Reports from Oct. 29 to Feb. 1 show Dan Saracki, 53, did not list $3,247.13 he loaned himself to open his campaign account. His wife, Paula Saracki, acts as his treasurer.
"We didn't know to record that," he said, adding he had previously discussed the loan with the Oldsmar city clerk. "It was an honest mistake."
Suda Yantiss-Colón, 50, did not list $90 she loaned herself.
"I just forgot," she said. "I'm not in a hurry to pay myself back."
Both candidates revised their campaign finance reports after the Tampa Bay Times pointed out the omissions.
Mistakes happen when political newcomers are running for office, said City Clerk Ann Stephan. No one intended deception or harm, she said.
State law requires the treasurer designated by anyone running for public office to report every source of campaign money for public record, even if it is loaned out of the candidate's pocket.
Gabby McGee, 26, Yantiss-Colón and Saracki — all new at running for office — are competing to serve the two years remaining in council member Doug Bevis' Seat 3. Bevis was automatically elected mayor when no one filed to run against him. He will assume his new role after the March 12 election.
A month before polls open, glossy campaign signs dot Tampa Road. Door hangers greet residents. Supporters walk neighborhoods, shaking hands and coaxing "likes" for candidate Facebook pages.
McGee leads in contributions with $4,630, records through the end of January show. Most of the money came from friends and family outside Oldsmar.
Her top donors include Bright House Networks executive Richard Rose ($200), the Florida Fire-PAC in Tallahassee ($250) and Hamilton Jones, president of Gaspar Properties in Tampa ($500).
"My campaign is very grass roots," said McGee, an IT account manager. "Volunteers and I have made phone calls, gone door to door and hosted regular meet-and-greets where we share ideas and concerns about the future of our city."
Yantiss-Colón, 50, has raised $1,113, finance reports before the amendment show. She received the maximum contribution of $500 from Acclaimed National Property Specialists in Oldsmar, where her husband, Hector Colón, is a subcontractor.
Tampa Bay Magazine contributed $100 to her campaign.
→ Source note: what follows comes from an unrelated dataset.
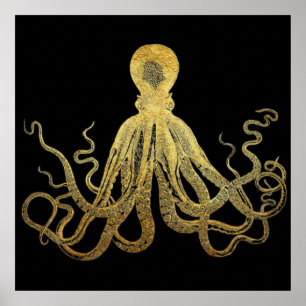 Poster Vintage Octopus Gold Black Enk Côtier Nautique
Two editors there are friends, she said. "Our strategy is word of mouth," she said. "History of my years of service."
Yantiss-Colón, who owns sudaGraphics and Weddings By Suda, designs fliers from her home office on Arlington Avenue E.
"It's a tough economic challenge in this world to get donations," she said. "I'm doing as much work as I can on my own to keep the costs down for my supporters."
Saracki, owner of Impact Grafx Inc., had raised $517 in contributions in his earlier report. Eve's Restaurant, where he regularly eats lunch, donated $150. "I don't feel very comfortable calling people and asking them for money," he said. "I've been independent from a young age. I had two kids at 22, so I had to grow up quickly."
The bulk of Saracki's outside donations came as in-kind contributions for services rendered, including $128 worth of envelopes from Mayor Jim Ronecker's On Demand Printing. Ronecker is a neighbor, Saracki said. He designed the mayor's campaign website for free in 2009.
Saracki, who serves on the board of the Eastlake Oaks Community Development District, said he saved the $200 he was paid per meeting to fund his campaign.
"I wanted to pay for it myself," he said. "I wanted to earn it."